The parish council has responsibility for local issues, including setting an annual precept (local rate) to cover the council's operating costs and producing annual accounts for public scrutiny. The parish council evaluates local planning applications and works with the local police, district council officers, and neighbourhood watch groups on matters of crime, security, and traffic. The parish council's role also includes initiating projects for the maintenance and repair of parish facilities, as well as consulting with the district council on the maintenance, repair, and improvement of highways, drainage, footpaths, public transport, and street cleaning. Conservation matters (including trees and listed buildings) and environmental issues are also the responsibility of the council.

For local government purposes, since 1 April 2023, the parish comes under the unitary authority of Somerset Council. Prior to this, it was part of the non-metropolitan district of Somerset West and Taunton (formed on 1 April 2019) and, before this, the district of West Somerset (established under the Local Government Act 1972). It was part of Williton Rural District before 1974.

It is also part of the Tiverton and Minehead county constituency represented in the House of Commons of the Parliament of the United Kingdom.

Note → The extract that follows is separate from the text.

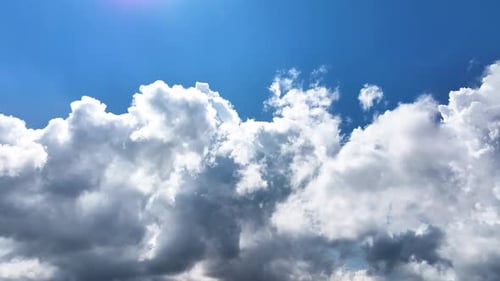 Clouds Floating in a Blue Summer Sky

It elects one Member of Parliament (MP) by the first past the post system of election.

==Religious sites==

The Church of St Nicholas dates from the 13th century and has been designated by English Heritage as a grade I listed building. Hidden in a wall recess is a figure of an unknown man with long hair and a hat, which is one of the earliest church monuments to include a hat. He is carrying a heartcase to show he died elsewhere and only his heart was brought to the church for burial.

The Church of St Bartholomew, Rodhuish was built in the 15th century. It is a Grade II* listed building.